With the worldwide application of unlicensed spectrum around 60 GHz, it has become feasible to develop communication systems with data rates in the gigabit/second range. Yet this frequency range poses challenges like high propagation loss, oxygen absorption, high antenna directivity, and limited wall penetration. To overcome these issues, a two-channel, hybrid smart-antenna system operating at the 60-GHz band has been developed by Nuri Celik and Magdy F. Iskander from the University of Hawaii at Manoa with Motorola Labs' Rudy Emrick, Steven J. Franson, and John Holmes.

Research has shown that 60-GHz signals cannot propagate through walls and diffract around objects without significant power losses. Yet such limitations also reduce interference and increase the possibility for frequency reuse. This solution uses several highly directive antennas and selects the highest-power antenna to overcome high propagation losses and provide antenna diversity to combat human shadowing. This system can detect the angle of arrival (AOA) for the incoming signal and adjust its beam pattern accordingly.
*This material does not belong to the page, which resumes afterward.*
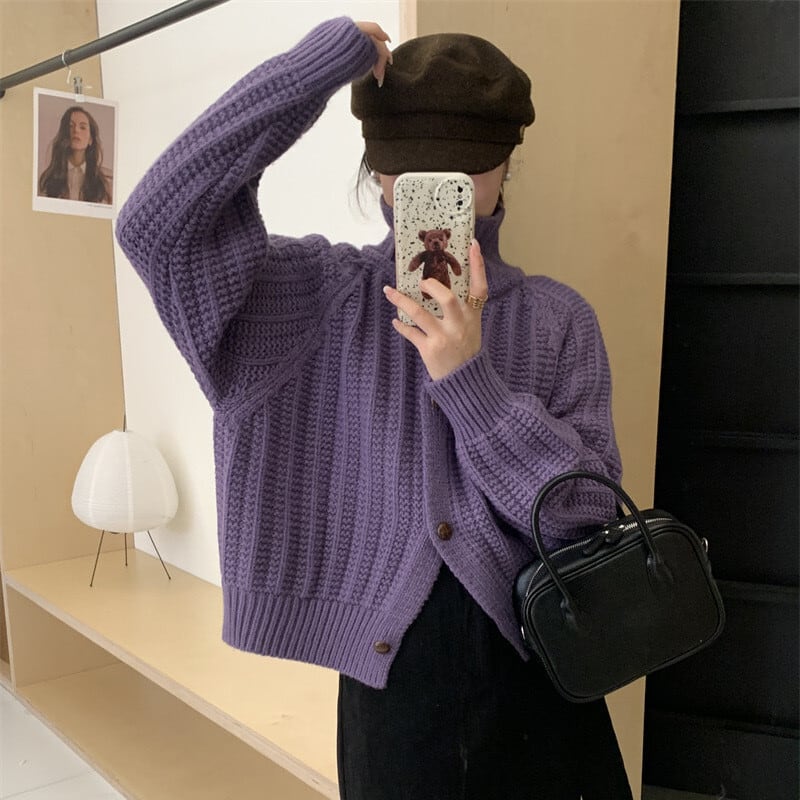 【outer】ニットカーデ　M27151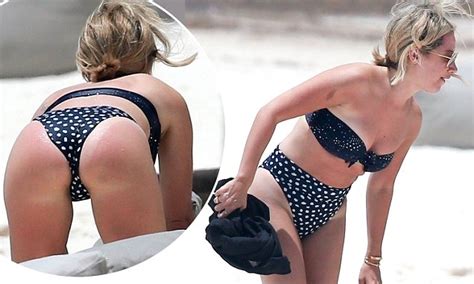 Ashley Tisdale Puts On Cheeky Display In Polka Dot Bikini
The implemented receiver comprises monolithic-microwave-integrated-circuit (MMIC) elements. By selecting the optimal twist angle to help overlap radiation patterns, the fine alignment of the transmit and receive beams is established through beamforming. See "Implementation and Experimental Verification of a Smart Antenna System Operating at 60-GHz Band," IEEE Transactions On Antennas And Propagation, September 2008, p. 2790.